* TASK STATEMENT
Please restate word for word the lines of the entries below from the one with "a woman is walking down a narrow alley way" to the one with "Teal-green dragon and", inclusive, and leave out every picture.

* EXTRACTED ENTRIES
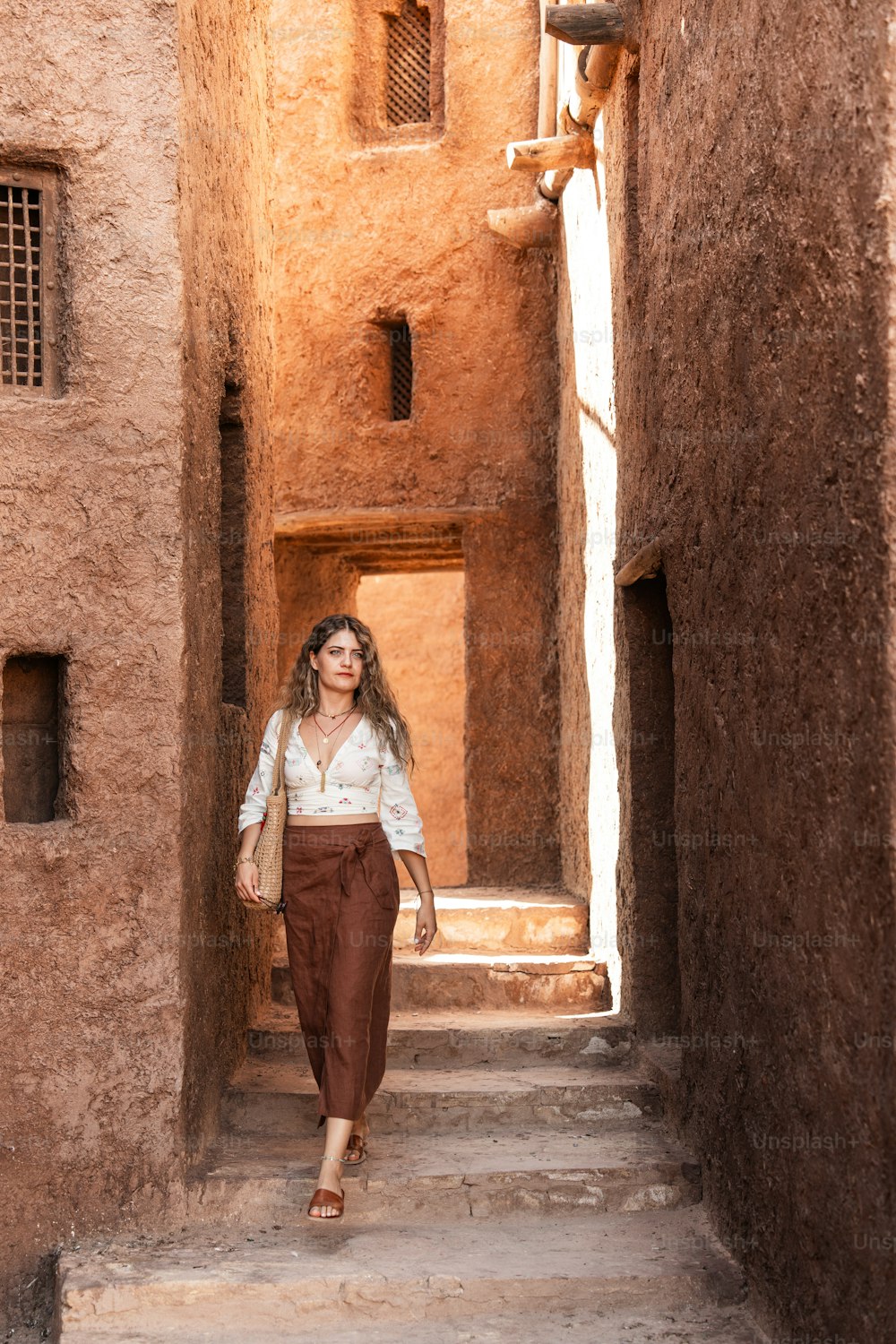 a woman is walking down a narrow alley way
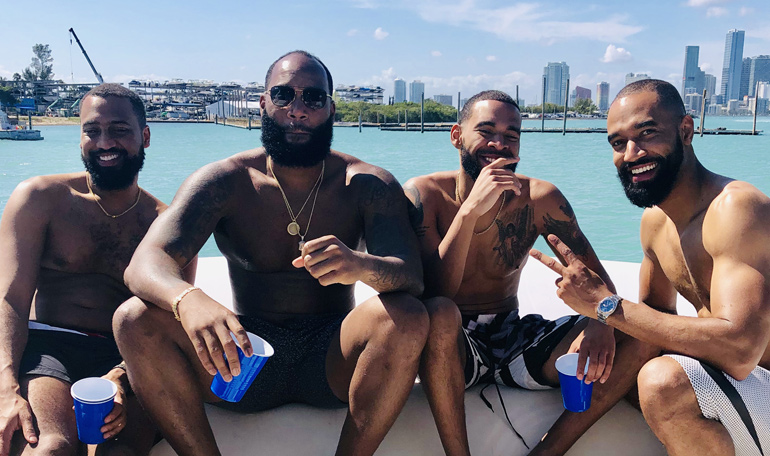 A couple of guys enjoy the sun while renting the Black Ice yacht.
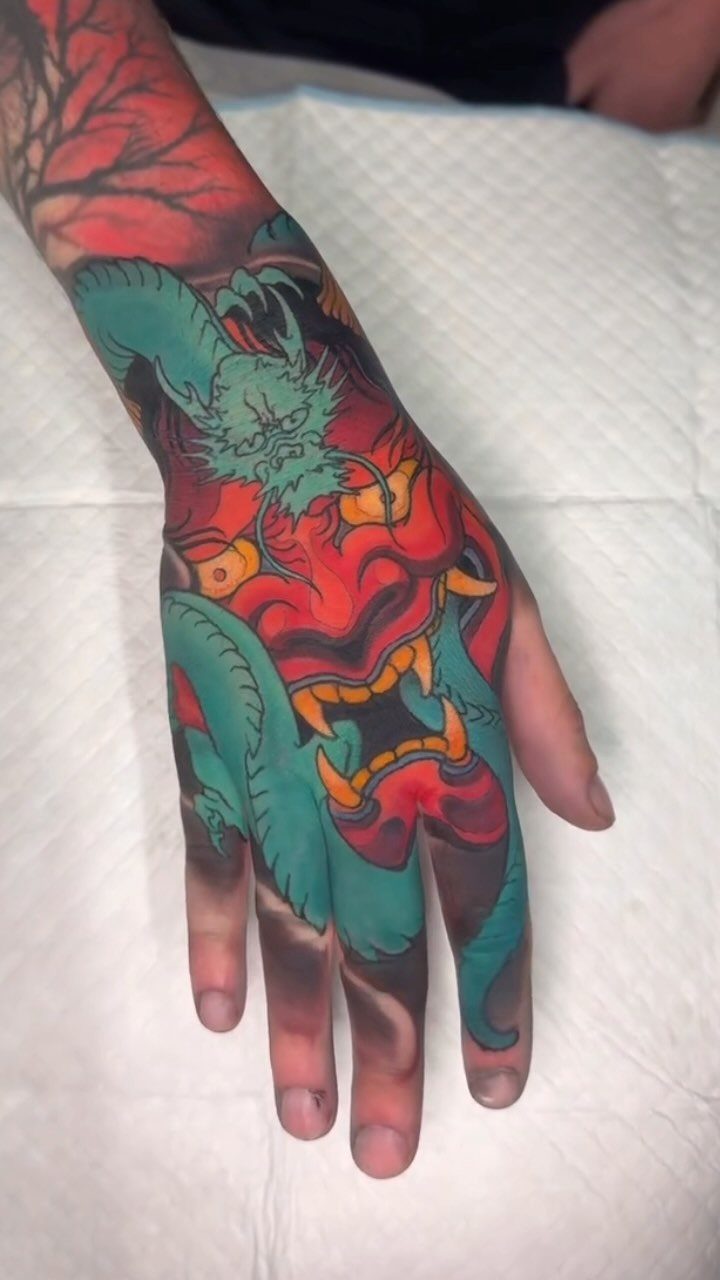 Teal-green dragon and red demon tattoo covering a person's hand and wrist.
---
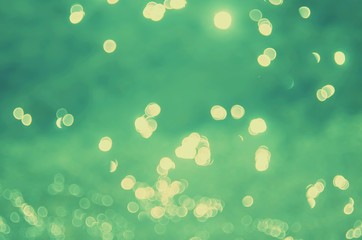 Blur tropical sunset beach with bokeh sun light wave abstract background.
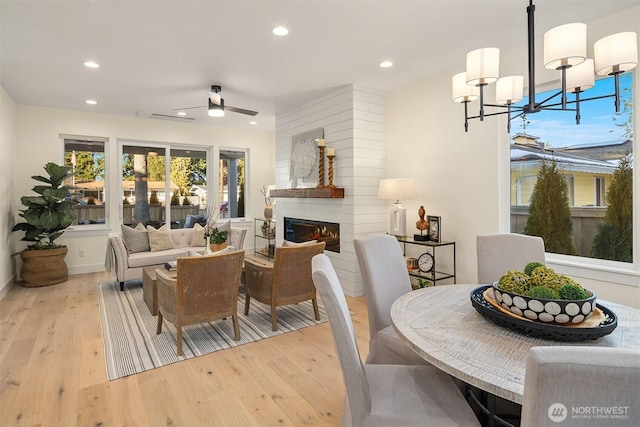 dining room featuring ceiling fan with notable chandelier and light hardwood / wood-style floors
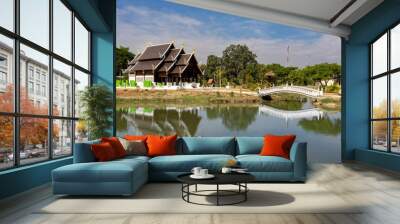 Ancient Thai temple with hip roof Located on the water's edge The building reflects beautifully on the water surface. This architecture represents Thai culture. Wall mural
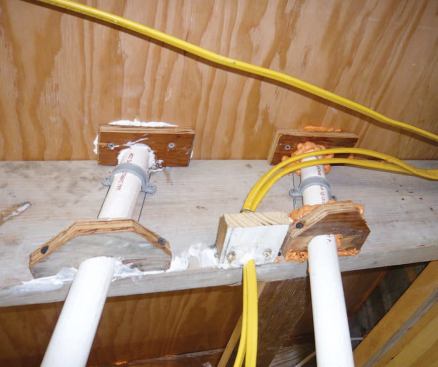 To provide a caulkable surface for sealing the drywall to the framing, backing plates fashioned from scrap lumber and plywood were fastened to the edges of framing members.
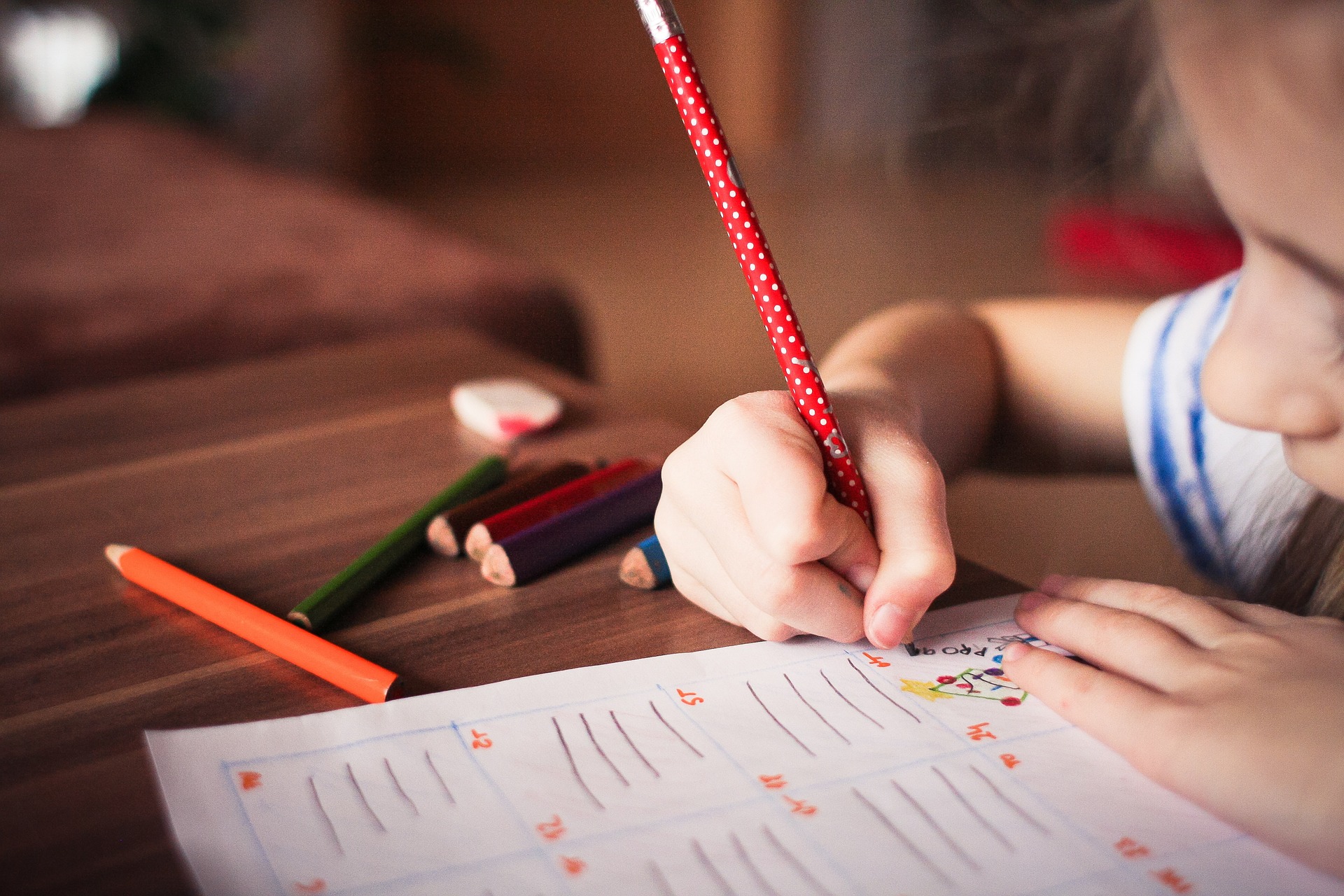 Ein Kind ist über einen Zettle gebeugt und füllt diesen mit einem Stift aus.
...
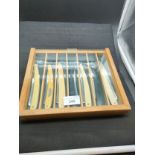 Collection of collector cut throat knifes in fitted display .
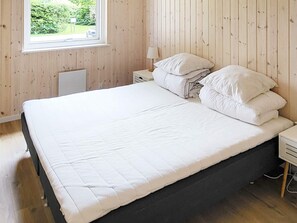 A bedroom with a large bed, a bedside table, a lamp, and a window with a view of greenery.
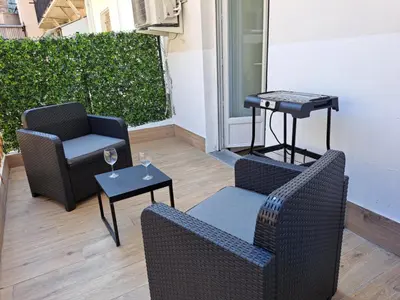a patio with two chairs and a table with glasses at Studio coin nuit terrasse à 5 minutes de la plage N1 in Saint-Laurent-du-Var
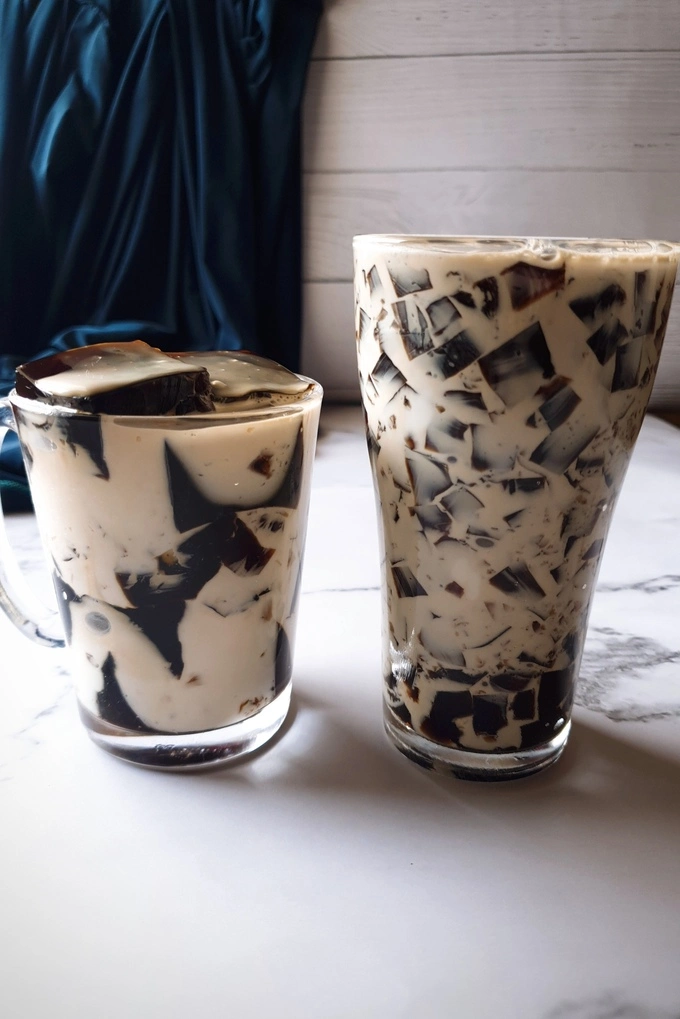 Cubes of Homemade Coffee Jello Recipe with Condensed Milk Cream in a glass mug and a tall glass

* TASK RESULT
 a woman is walking down a narrow alley way
 A couple of guys enjoy the sun while renting the Black Ice yacht.
 Teal-green dragon and red demon tattoo covering a person's hand and wrist.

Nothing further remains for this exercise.